No tengo guru, ni tengo amistades que compartan mi modo de vivir y como no le hago mal a nadie con mis creencias, todos me dejan en paz. Desde hace unos años comencé a eliminar de mi vida los contactos con personas negativas y con otras con las cuales tenía poco en común. Me asiste una muchacha sudamericana y mis hijos, nietos y bisnietos viven cerca de mi casa. Los viernes acostumbraba cenar junto con mi familia y ése era mi único contacto social.
Cierto día de hace casi dos meses, me entero de la invasión de un virus implacable que se cierne en China y que con la velocidad de un relámpago se expande por el mundo. Este virus ataca a todos, sin distinción de razas o credos y se ensaña con violencia contra las personas mayores.
Mis hijos se alarman y aún conociendo mi forma de vivir, con casi ningún contacto exterior, me informan que hasta las visitas semanales de la familia, se suspenderán para evitar el contagio. Desde entonces no veo a nadie más que a la ecuatorianita, a mi perro y cada tanto a mi hijo, que, selladas boca y nariz con el barbijo, me deja una bolsa con las compras en la puerta de casa. excambiamos unas palabras a dos metros de distancia, como quieren las nuevas disposiciones y nos damos besos virtuales.
Yo que ya estaba acostumbrada a vivir sola no sufrí por estas nuevas reglas. Disfruto del gran silencio, ya que los autos dejaron de pasar por mi calle y en pocos días ese silencio me envolvió como un manto protector y me agudizó los sentidos. El canto de los pájaros que casi no escuchaba antes, se convirtió en la atracción principal del jardín. Reconocí el gorjear de los jilgueros, el graznar de los cuervos, el tubar de las palomas y los chillidos de las cotorras que llegan todas las tardes a las cinco en punto, en una algarabía verde.Al mismo tiempo que los pájaros llenaron el aire con trinos a pleno plumón, los perros enmudecieron. No se escuchan ladridos ni a la hora del crepúsculo en la cual, por lo general, se celebraba la cotidiana asamblea canina del vecindario.

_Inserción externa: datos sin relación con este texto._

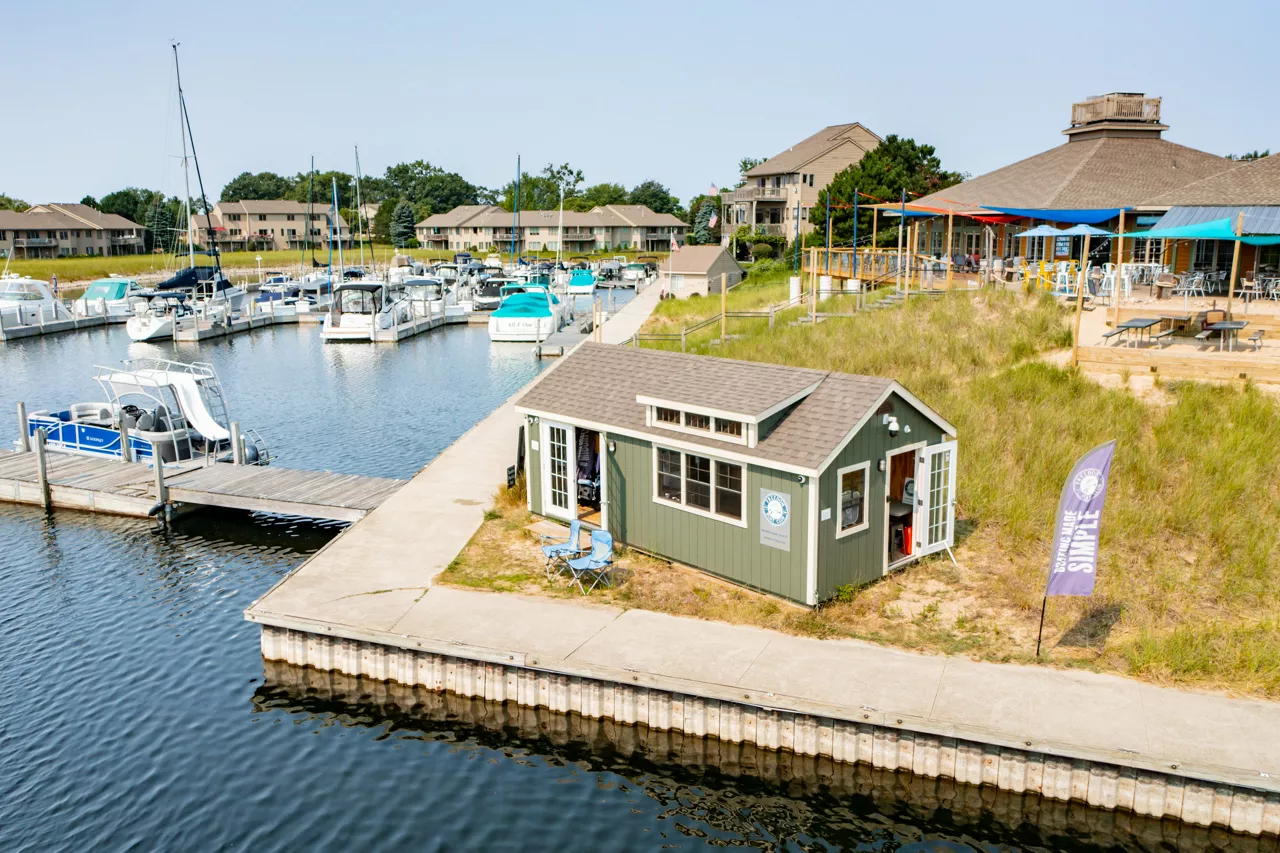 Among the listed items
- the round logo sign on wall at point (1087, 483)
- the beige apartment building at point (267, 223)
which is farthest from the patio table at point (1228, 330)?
the beige apartment building at point (267, 223)

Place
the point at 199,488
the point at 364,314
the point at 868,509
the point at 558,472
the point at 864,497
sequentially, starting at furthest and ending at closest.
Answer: the point at 364,314 < the point at 199,488 < the point at 558,472 < the point at 868,509 < the point at 864,497

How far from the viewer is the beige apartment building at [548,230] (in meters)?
139

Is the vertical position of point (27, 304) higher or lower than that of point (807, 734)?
higher

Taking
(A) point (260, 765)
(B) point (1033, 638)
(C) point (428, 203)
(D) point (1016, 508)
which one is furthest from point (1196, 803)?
(C) point (428, 203)

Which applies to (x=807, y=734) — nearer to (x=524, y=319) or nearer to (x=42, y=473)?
(x=42, y=473)

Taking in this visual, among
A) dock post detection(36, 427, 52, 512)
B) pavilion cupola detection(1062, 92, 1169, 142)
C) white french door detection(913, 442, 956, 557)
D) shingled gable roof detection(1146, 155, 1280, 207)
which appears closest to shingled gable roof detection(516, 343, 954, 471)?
white french door detection(913, 442, 956, 557)

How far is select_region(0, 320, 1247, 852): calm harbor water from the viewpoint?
43.0 ft

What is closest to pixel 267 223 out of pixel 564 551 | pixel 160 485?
pixel 160 485

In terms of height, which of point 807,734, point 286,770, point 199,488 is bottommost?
point 286,770

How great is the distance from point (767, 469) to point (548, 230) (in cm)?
12545

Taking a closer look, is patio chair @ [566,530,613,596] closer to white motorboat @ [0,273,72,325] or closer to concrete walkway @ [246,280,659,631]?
concrete walkway @ [246,280,659,631]

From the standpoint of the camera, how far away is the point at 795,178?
88.2 m

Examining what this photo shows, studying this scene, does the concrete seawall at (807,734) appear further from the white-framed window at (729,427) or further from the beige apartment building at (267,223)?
the beige apartment building at (267,223)

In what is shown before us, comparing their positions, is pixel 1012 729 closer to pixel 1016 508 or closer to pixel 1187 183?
pixel 1016 508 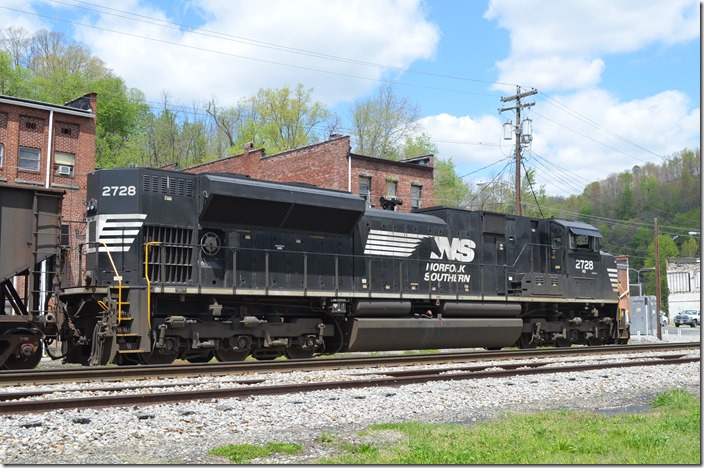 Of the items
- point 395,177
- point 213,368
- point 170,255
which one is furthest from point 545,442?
point 395,177

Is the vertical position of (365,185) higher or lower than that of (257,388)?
higher

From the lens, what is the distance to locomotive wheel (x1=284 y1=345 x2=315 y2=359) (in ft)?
52.1

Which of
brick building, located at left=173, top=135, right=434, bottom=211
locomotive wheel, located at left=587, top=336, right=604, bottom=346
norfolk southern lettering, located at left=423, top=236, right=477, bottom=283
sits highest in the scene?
brick building, located at left=173, top=135, right=434, bottom=211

Mi creatividad que se había jubilado con la edad volvió con el júbilo de los pájaros y me deja cada día un regalo que tengo el gusto de compartir:
LAVA CANDENTE
Trepando por el muro
de una ciudad de Oriente,
te esparciste en la tierra
como lava candente.
La respuesta del hombre
no llega a contenerte,
vas sembrando el espanto
en ráfagas de muerte.
Conseguiste en zarpazos
de fiera enfurecida,
cancelar las fronteras
de Europa estremecida.
¿Qué armas tiene el hombre
para salvar la vida?
En estos momentos de aislamiento navego por internet más de lo acostumbrado y en uno de mis viajes aprodé en un mito griego que habla de una raza especial: los Hiperbóreos, una: raza sagrada del norte de Grecia cuyos componentes no envejecían, eran eternos y estaban libres de enfermedades trabajos y guerras.
Creo que hoy en día todos quisiéramos pertenecer a esta raza.